【死人献金】民主内に広がる動揺
民主党の鳩山由紀夫代表による政治資金収支報告書の虚偽記載問題で、与党が2日、衆院政治倫理・公選法改正特別委員会で鳩山氏らの参考人招致を求めたことから、民主党内では困惑が増幅している。
鳩山氏は「説明責任は行った」としており、党幹部も幕引きに躍起だが、「党のイメージダウンにつながる」(中堅議員)との懸念がくすぶり続けている。思わぬ形でつまずいた「鳩山民主党」に事態打開の決め手は容易にみつからない。(斉藤太郎)

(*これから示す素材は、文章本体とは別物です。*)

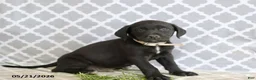 Mixed Breed dogs for sale: Robert - Ad 1
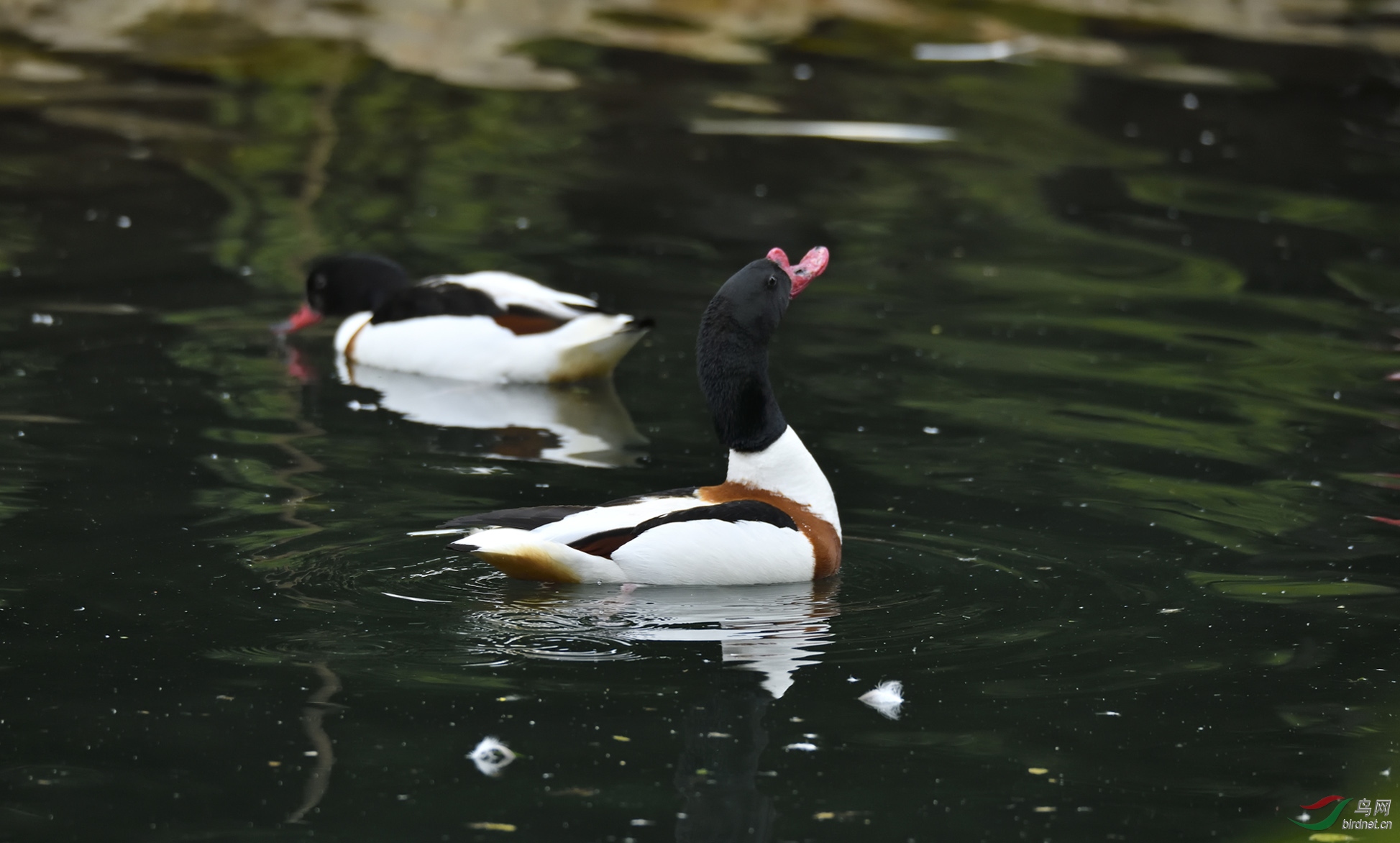 _DSC6612_00001-p-02.jpg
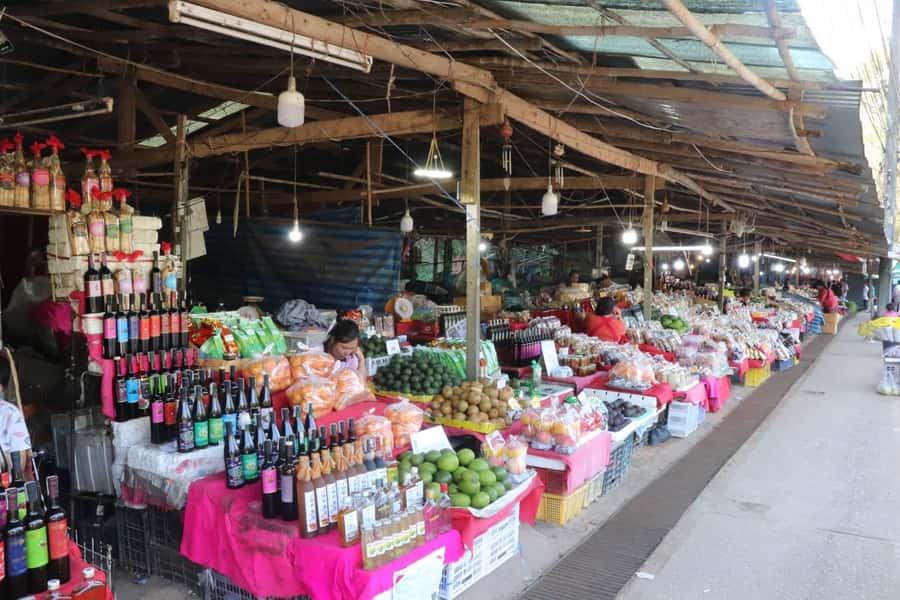 Private Doi Inthanon National Park Sightseeing Day Tour - Ban Mae Klang Luang: White Karen Hill Tribes and Terrace Rice Fields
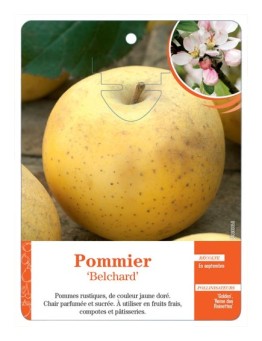 POMMIER ‘BELCHARD’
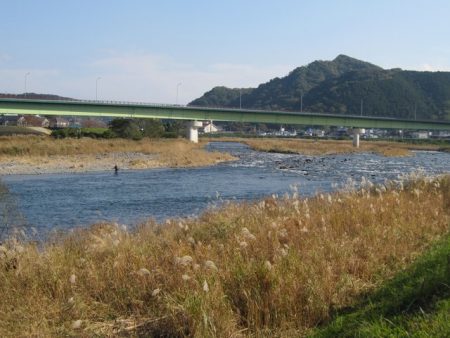狩野川(狩野川漁業協同組合) 釣果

鳩山氏は2日、国会内で記者団に、「疑念にきちんと答えたつもりだ」と改めて強調した。自身が代表を務める党北海道第9区総支部に対する地方議員からの献金をめぐり、自民党側から「鳩山氏の資産を原資にした可能性がある」との指摘が出ていることに対しては、「地方議員も寄付をして9区の運営に当たっている」と否定した。

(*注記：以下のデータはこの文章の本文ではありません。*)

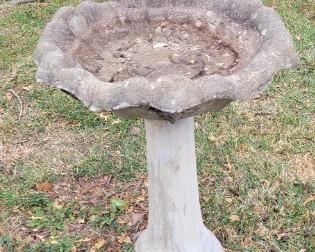 Birdbath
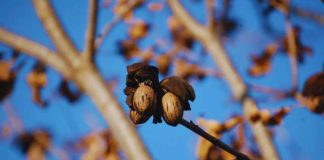 Argentina Nuez pecán, una economía regional que se expande y gana mercados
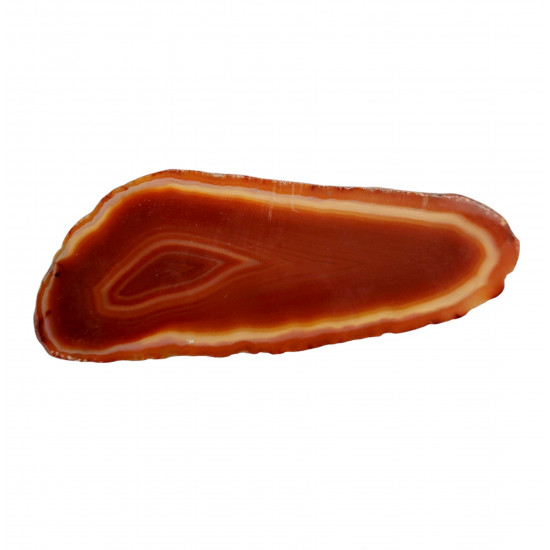 orange agate slice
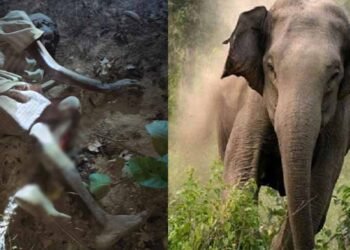 लकड़ी लेने गए बुजुर्ग पर हाथी का हमला, मौके पर मौत, 100 से ज्यादा हाथियों से गांव में दहशत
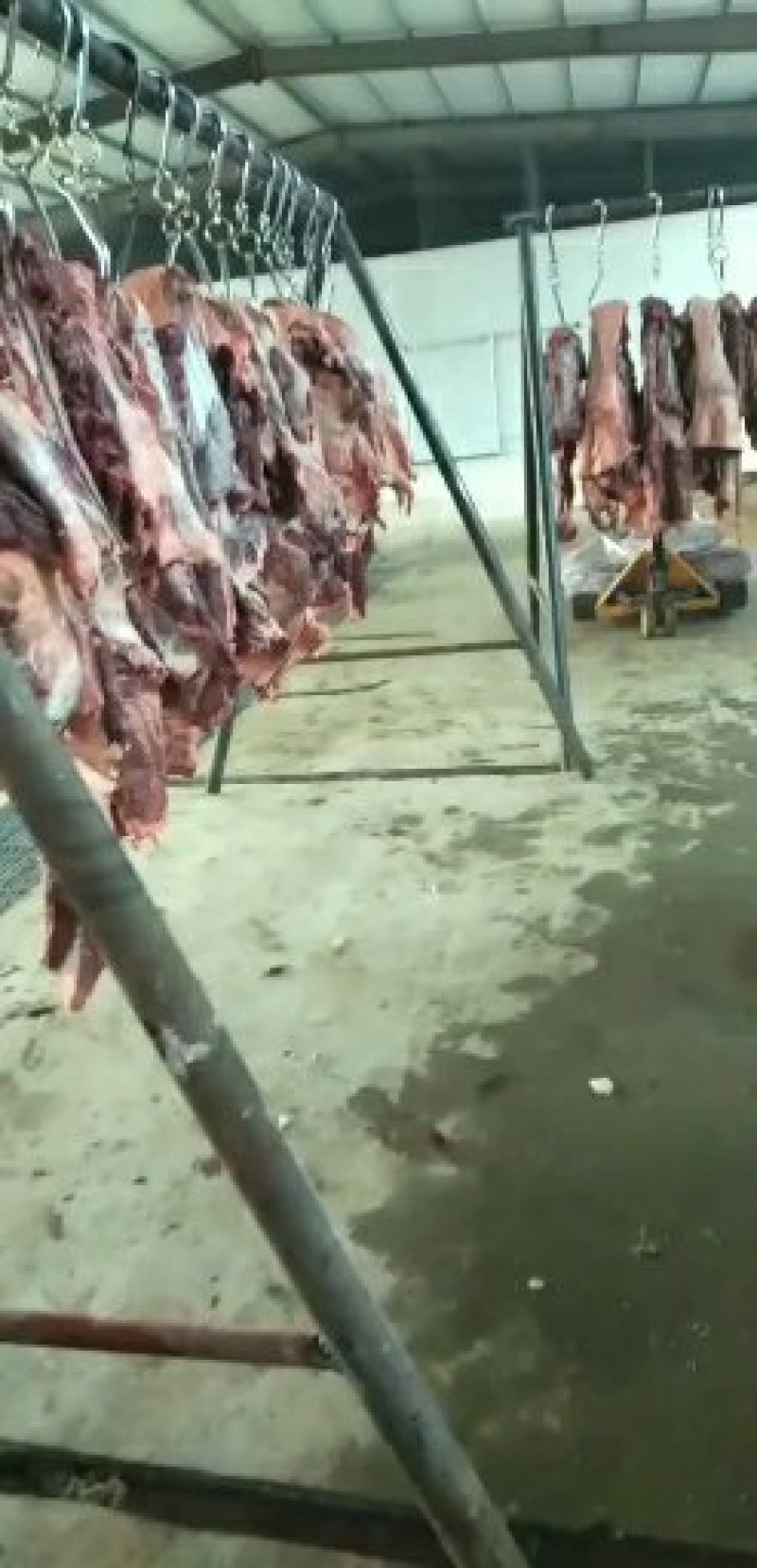 鲜马肉，保证纯干货，自己养殖场一手货源，让您买的放心，送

幹部も虚偽記載問題で党内に動揺が走ることに神経をとがらせている。麻生太郎首相が党役員人事を断念し、求心力の低下が一段と浮き彫りになる中、次期衆院選に向けて攻勢を強めれば政権交代の可能性が高まる-。虚偽記載問題の発覚で、こうしたシナリオが崩れることを懸念しているのは明らかだ。
実際、菅直人代表代行や山岡賢次国対委員長は「選挙に大きな影響を与えるとは思っていない」「個人の問題なので、党で扱うことではない。(所属議員は)しれっと対応してもらいたい」などと、虚偽記載問題と党の対応を切り離すべきだと発言している。

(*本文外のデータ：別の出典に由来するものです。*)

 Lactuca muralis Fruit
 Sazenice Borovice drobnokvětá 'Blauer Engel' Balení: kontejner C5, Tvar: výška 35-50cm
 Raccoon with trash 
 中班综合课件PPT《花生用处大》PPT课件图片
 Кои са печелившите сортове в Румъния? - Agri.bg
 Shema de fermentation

もっとも、党内では、鳩山氏と距離を置く議員を含め「代表辞任を求める動きは出てこない」(中堅)との空気が大勢だが、いらだちは日増しに募っている。
「あんなこと言わせたままにしていいのか」
民主党の安住淳国対委員長代理は2日、同党が欠席した倫選特で、自民党議員が一方的に虚偽記載問題を徹底攻撃している姿にたまりかね、民主党の篠原孝筆頭理事にこう電話でまくし立てた。安住氏には虚偽記載問題が足かせとなり、国会最終盤で与党に振り回されては、取り返しがつかない事態に陥るとの懸念がある。
ある若手は現在の党内事情をこう嘆く。
「首相に衆院解散を引き延ばされたら、与党に攻められ続ける。自民党の『麻生降ろし』を笑ってみていたのに、こっちで『鳩山降ろし』が起きたらたまらない」。
民主党にのしかかる虚偽記載問題がどう広がりをみせるのか。見極められないいらだちが、党の勢いに水をさしている。